By Norma Fayad, Haneen Hamid and Kerstin Eitapence
NHS Greyhound Staff
Last year the federal government changed all public school menu requirements. A year later, Naugatuck High School students and staff have mixed feelings about these changes.
Many people say they like the school lunch and wouldn’t change a thing while others have a more negative reaction and want healthier choices.
The high school renovation, slated to be complete in 2016, will include changed to the cafeteria. School Principal Jan Saam said that the cafe itself is going to have a small lounge, modeled to resemble a diner, and it will be open to all the students. But there is a catch: students will need to earn the privilege of eating there. Saam is still in the process of deciding how students will earn entry to the special space.
The café redesign may also include benches outside where students can eat during their lunch period.
English teacher Edward Decosta remarked, “I love it” when asked about school lunch. The chicken wraps and salads would be “nicer” if the chicken was real chicken and not pieces of chicken patty. But, he acknowledge, this would cost more money.
English Dept. Head Amy Stewert said that all she eats from the cafe is the garden salad and she gets the cucumber and yogurt side dish to use as her dressing. When asked if she would change anything, she said, “I would definitely buy more varieties of lunch if they had an all organic section.”
Teachers aren’t the only ones with opinion about lunch.
Sophomore Deena Aljamal said, “This milk is yucky. I hate the school milk. Some people said that it’s expired.

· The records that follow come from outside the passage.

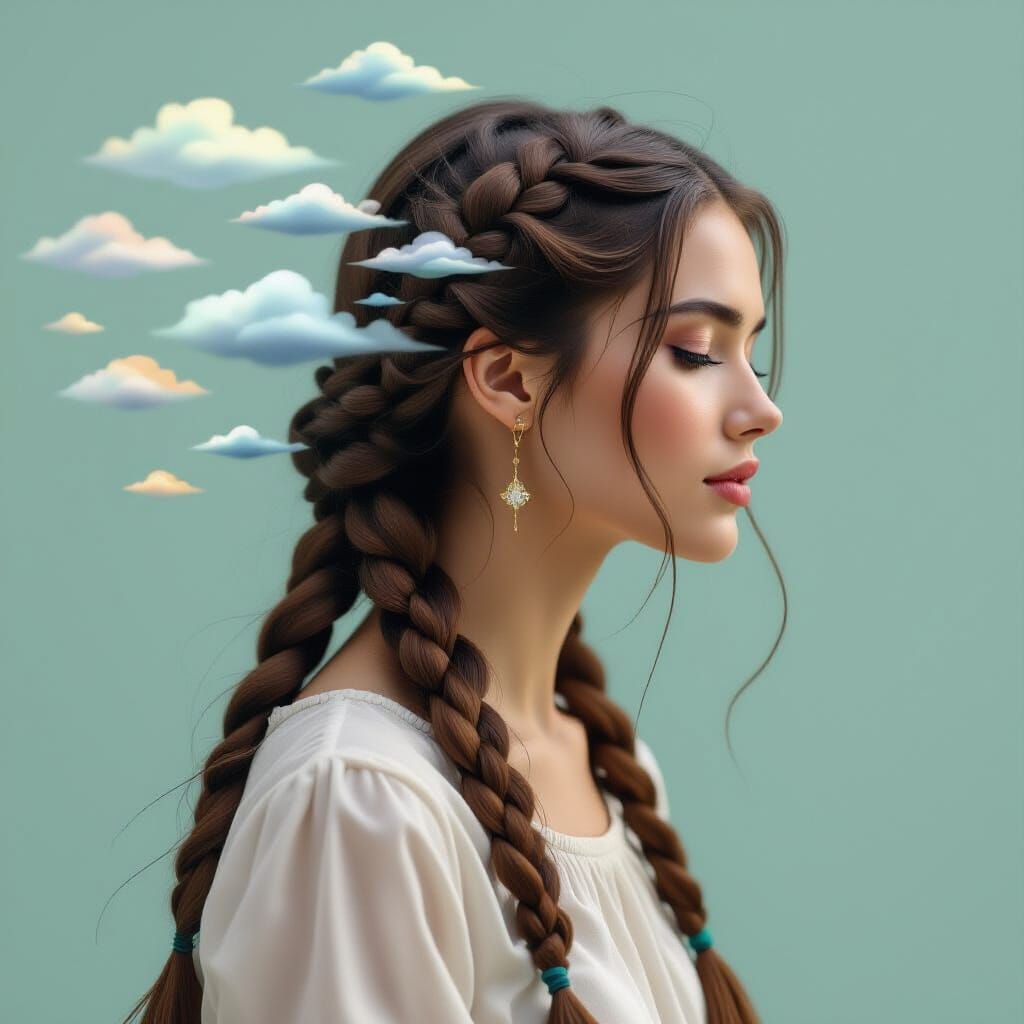 Surreal Woman with Elaborate Braided Hair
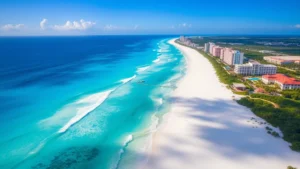 Aerial view of Cancun's turquoise Caribbean waters with white sand beaches and resort hotels along the coastline, bright sunny day with clear blue sky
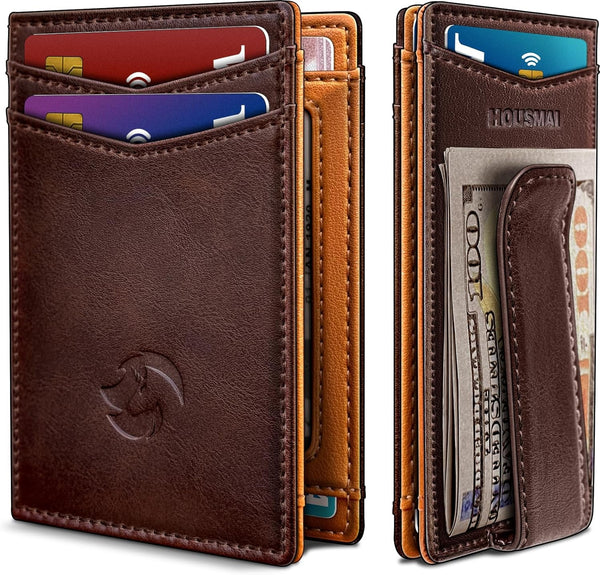 Magnetic Closure Slim Wallet for Men with Money Clip Gift Boxed,Genuine Leather Front Pocket Wallet, 3.9"X 2.7", RFID Blocking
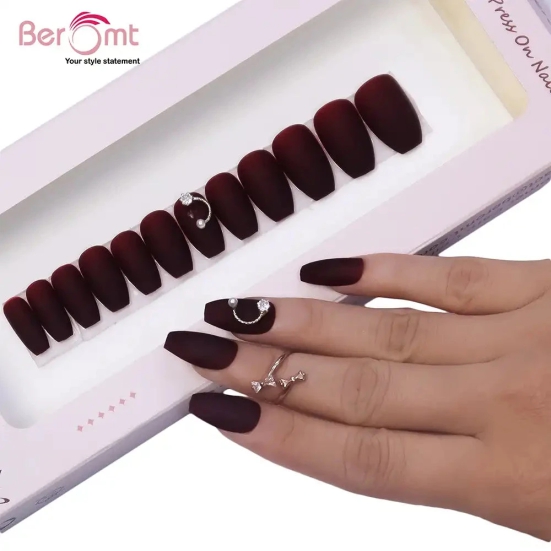 PARTY NAILS UNIQUE CHARM (NAIL KIT INCLUDED)-Maroon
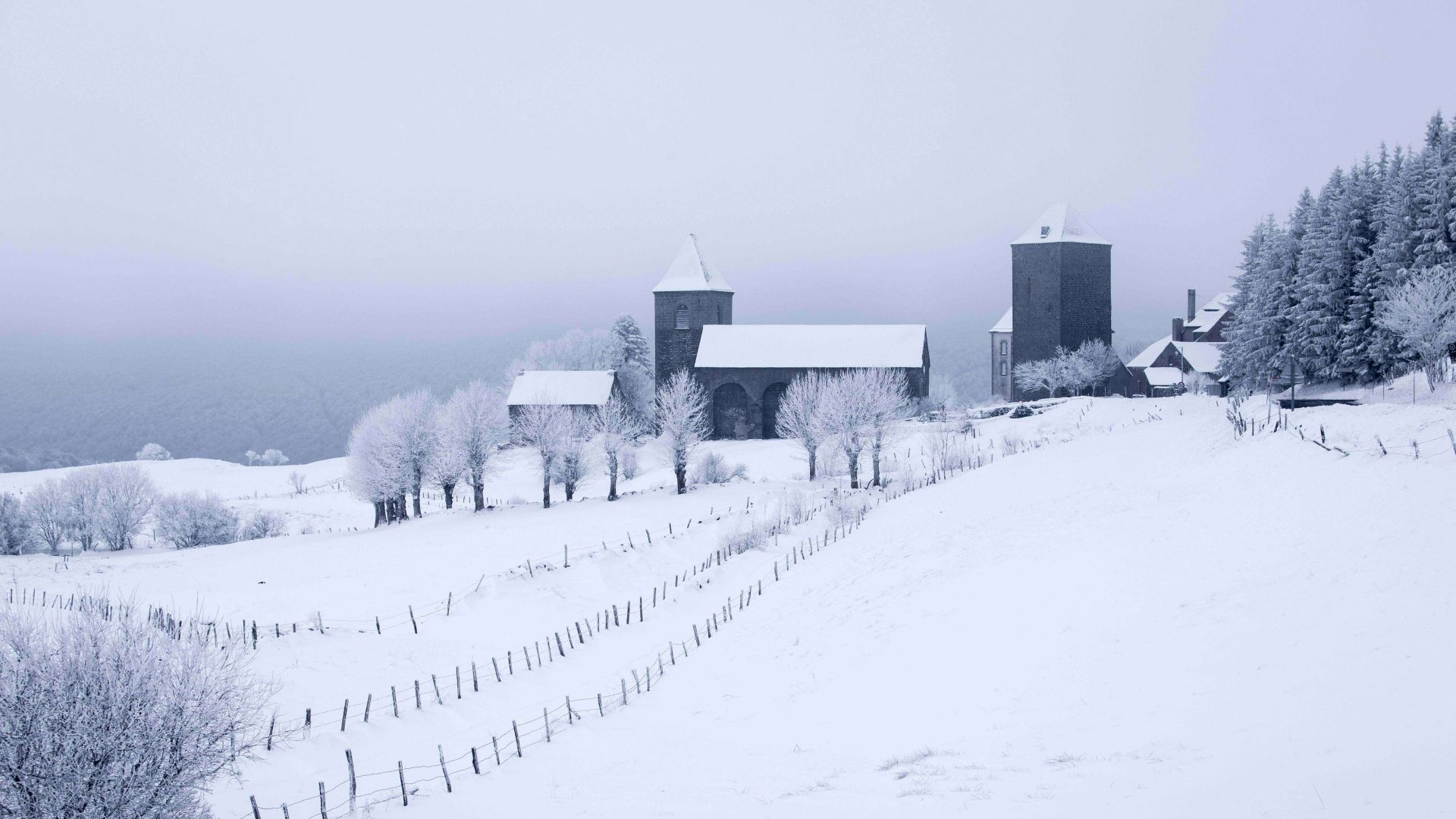 Notre-Dame-des-Pauvres, Aubrac, Aveyron, France, Europe, winter, snow, 5K (horizontal)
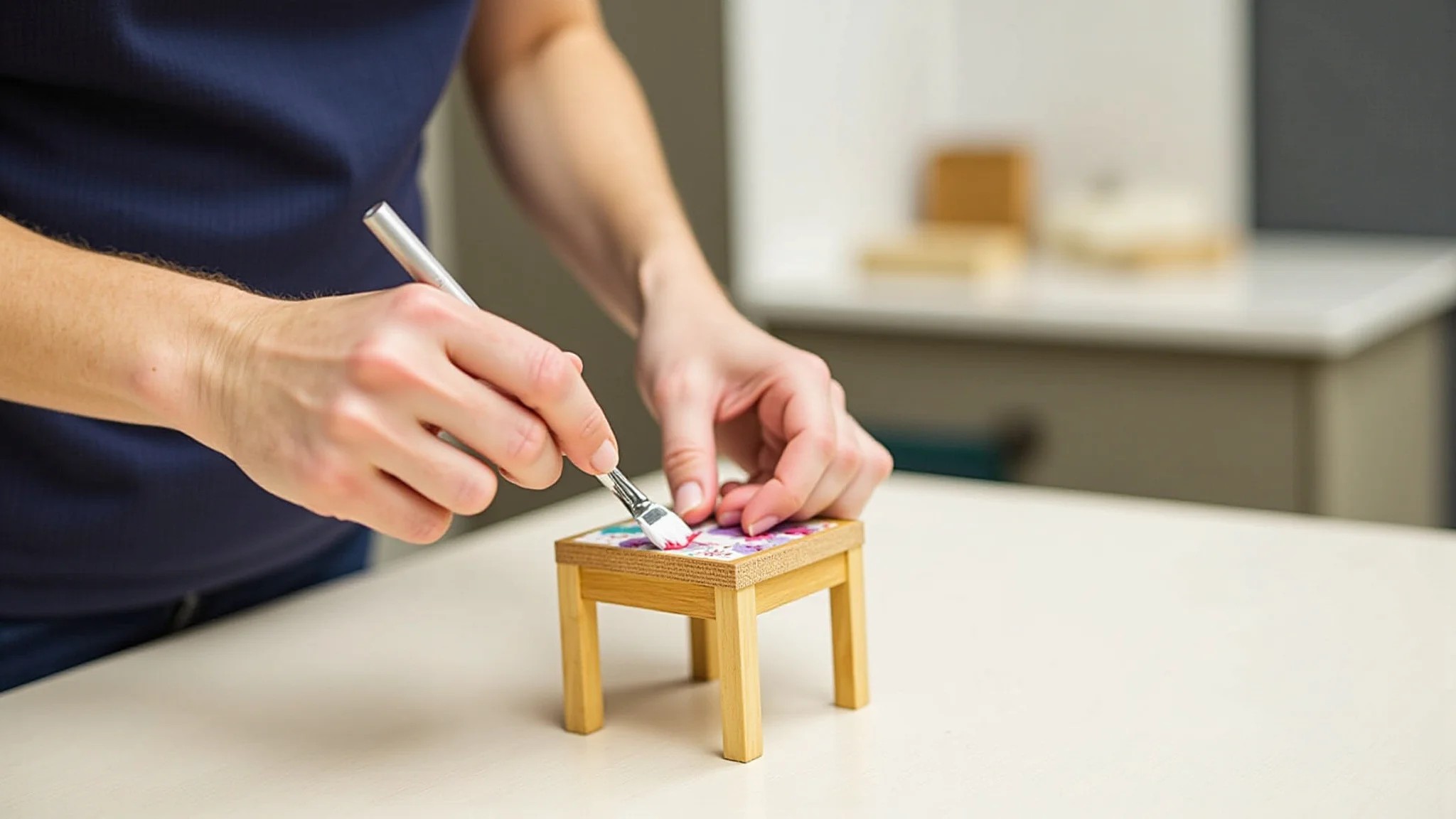 Mãos aplicando decoupage em mesa de madeira com papel floral colorido.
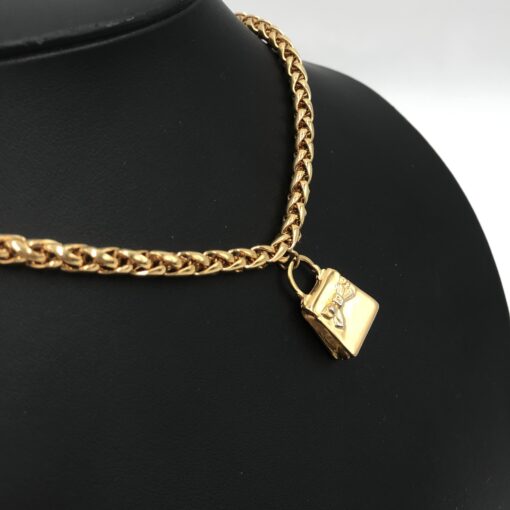 Fendi - Gold Plated Chain Necklace With Padlock Charm - Image 10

So I just don’t drink it.”
Aljamal also said that she usually gets salads and pizza. When offered, she prefers the buffalo chicken or the Caeser salad. “The fried dough is good, but my mom makes it better.”
Junior Scott Millette said, “The chicken patty is so nasty. Real chicken would be so much better.” Millette usually gets hot lunch and he does like the milk, preferably chocolate.
But the café is also struggling with renovation issues. The kitchen will not receive any new equipment after the work is completed. The main cook, Jackie Evans, said, “There will nothing renovated in the kitchen, even though it would make preparing food faster and easier. It’s not happening.”
Food Service Director Kate Murphy said that the cafeteria is also working with “guest chefs,” who come in to prepare special lunches. Last year, a chef who specialized in Japanese cuisine created specials for students. This is not an easy task as chefs need to be paid in advance and specialty food items need to be ordered. But students really seem to like it, and she is working to arrange more “guest chef” meals at the high school.
She also added that she open to any suggestions, but students must remember that the cafeteria has to follow federal regulations about school lunches.
Another issue with the café is the pricing for teachers. Staff have to pay a dollar more. Student lunches cost $2.75 while teacher lunches run about $ 3.50. Preparation of the food for the three lunch waves starts eight o’clock in the morning. Pizzas are made fresh, except for the cheese and pepperoni, but the chicken patties and burgers are frozen.
According to Evans, the hardest days for the cafe are nacho and taco days and fried dough days because they take the most time to prepare.